I appreciate the input but I don't think this approach would actual serve as a valid test. I know I can create unit tests for any sub-function and replace the call to ranf() with known values to test these sub-functions.

However, what I really want to test is if that function as a whole returns the correct results, i.e. normally distributed random number. The only way to test for this is to use statistical tests over large sample sizes.

You can remove the randomness, replace calls to rand/ranf etc. or use a fixed random seed to the same values are returned. However, you then fail to test the scope of the returned values.

E.g., it may so happen to be with the fixed seed and the extent of your testing by chance everything woks as expected. With a different seed (or after many additional calls to rand() the function gives an erroneous result.

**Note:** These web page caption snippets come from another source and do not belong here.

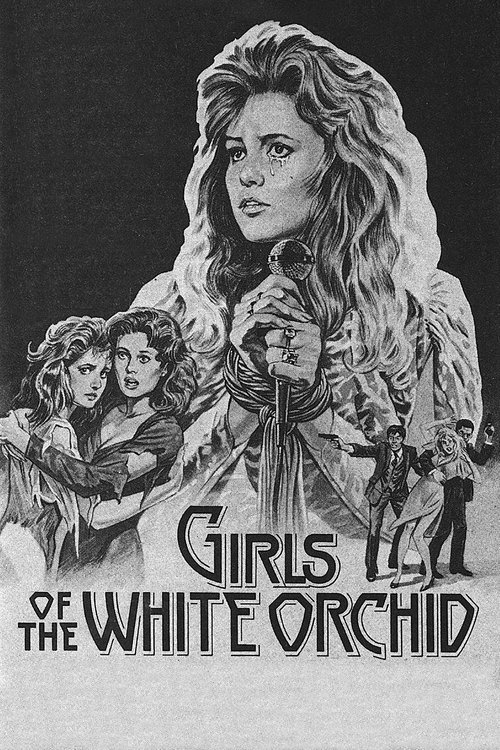 Girls of the White Orchid постер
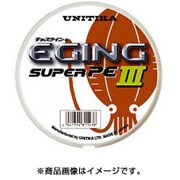 キャスラインエギングスーパー PEIII 150m 0.8号 [ライン 船用]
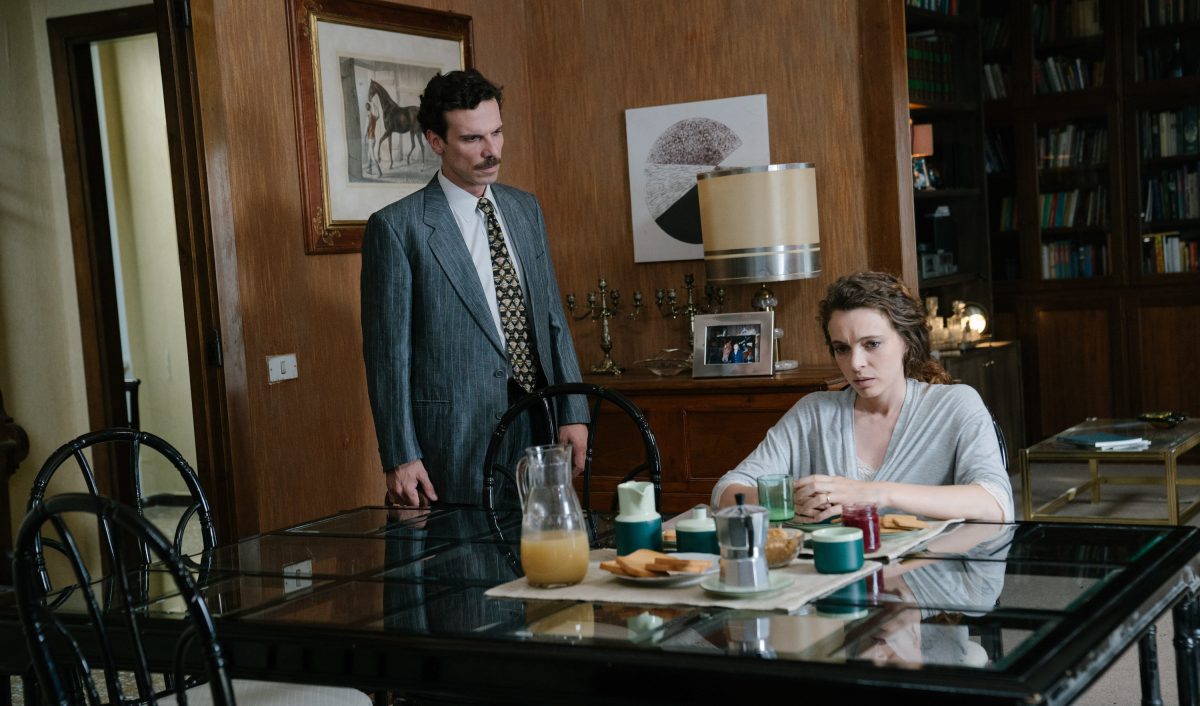 Galleria foto 'Il cacciatore 2: tutto sulla serie con Francesco Montanari' - foto 6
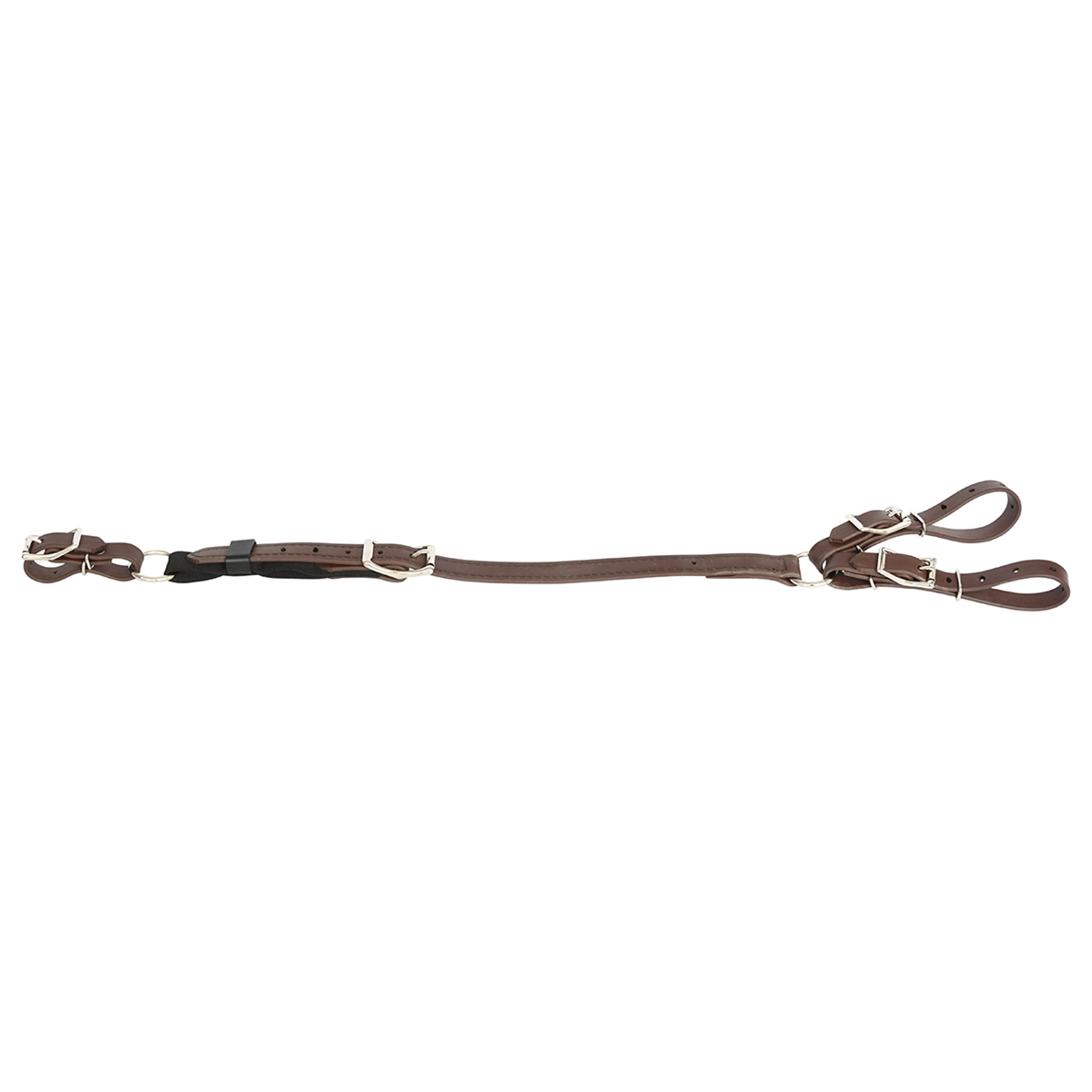 Two Horse Tack - ****CLEARANCE ITEM*** $15 Dark Brown Beta Biothane ...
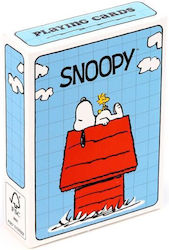 Puckator Thematische Kartenspiele Peanuts Spielkarten Snoopy & Woodstock Puckator Thematische Kartenspiele Peanuts Spielkarten Snoopy & Woodstock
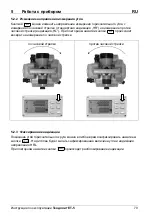 Preview for 70 page of Nedo ET-5 Operating Instructions Manual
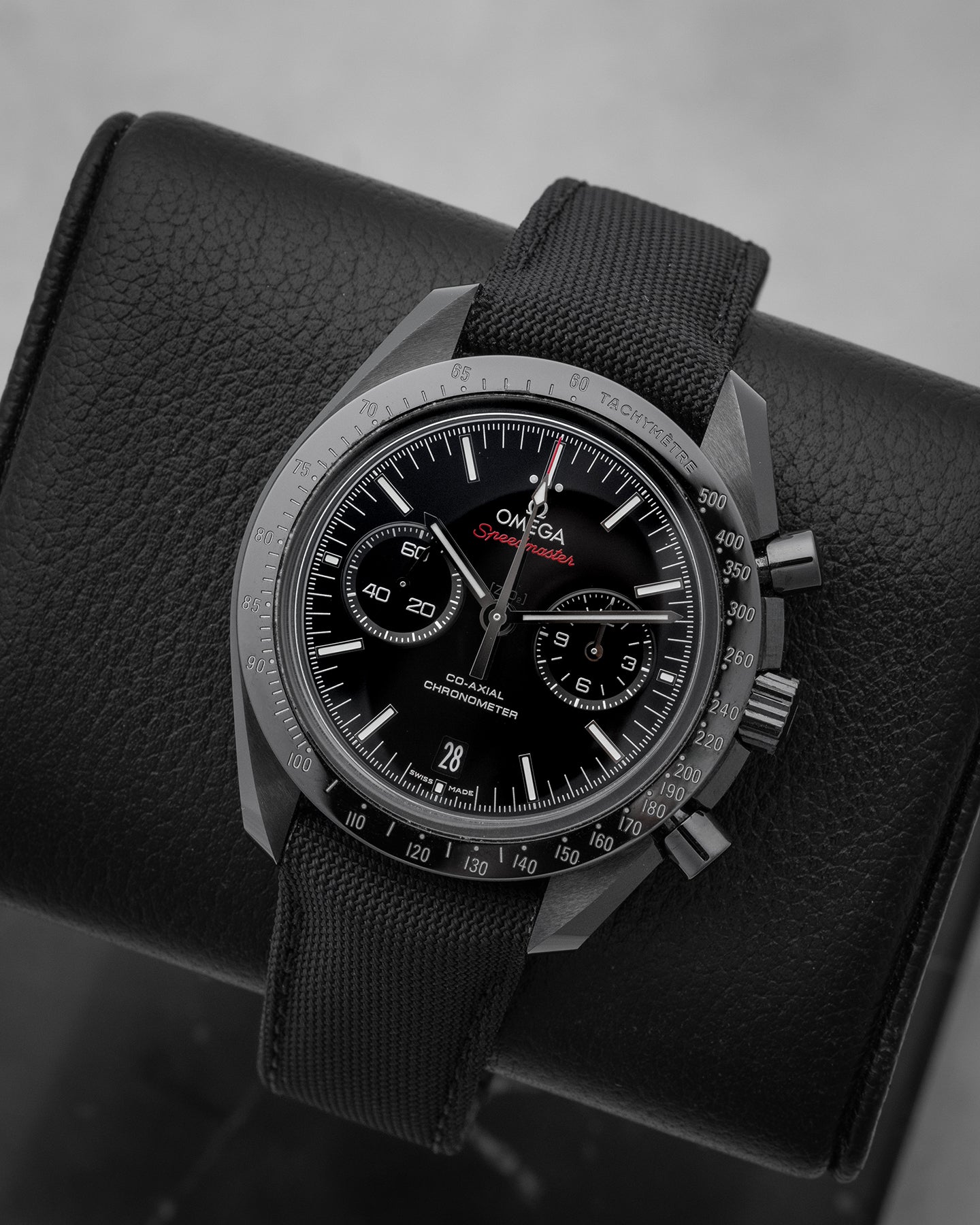 Omega Speedmaster Dark Side of the Moon | Noahs Fine Watches & Jewelry TX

D.P. · 3 May 2013 at 19:12

ZombieFan said:
Forgot about this thread

You don't have to export the data to use these methods. There are libraries available which you can use in your unit test project to check from within the code. For example, here is a C# library which performs a Kolmogorov-Smirnov test against a sample of data - http://www.extremeoptimization.com/...s.OneSampleKolmogorovSmirnovTest_Members.aspx

Do some digging and you will probably find a similar library in your language of choice.

yeah, that is my plan to find a suitable C++ library that doesn't have too many other dependencies (like to keep thing lean and clean without an large dependency tree).

Exporting the data would just allow it to be tested very easily in something like R.

D.P. · 3 May 2013 at 23:06

aln said:
I'd say thats an argument against TDD not unit testing, as long as you have some simple tests the infrastructure is there and you can add more later (which means "will never happen" in many companies).

That said, unit tests aren't really about helping you, they're about helping the guy who comes after you. Have you ever hit a new project you don't completely understand that has unit tests? I have, and I appreciated them.

We always write small example tests of functionality that show the code works in at least a couple of intended examples, showing new developers how the functions work etc, along with some comments and descriptions, but not a through set of unit tests. I am not sure unit tests really work well as a form of documentation for new developers because seeing thousands of lines of repeated code that have inputs often designed to break the function is not very intuitive.

The bottom line that we care about is if the intended behavior of the complete system being correct, not whether some low-level functionality is correct which is implied by the higher level goal. Secondly is regression testing so changes can be comfortably made in the future with confidence, which puts more weight on unit tests.

Third is performance tests which seems to be completely ignored by the unit test philosophy. I made some unit tests for some code earlier in the week and everything behaved exactly as expected giving all the correct results. However, one thing I did not was the functions were taking a little longer than expected to compute. Spend some time looking at the code, profiling individual components and all looked fine. Turns out the the sign was flipped in a priority queue so the heuristic search behavior was acting as a worst-first search instead of best-first. the upside was that the correct result are returned but only after extensively searching the graph through all the worst possible result before coming to the correct answer.
Unit testing completely failed to find that bug as it was performance related.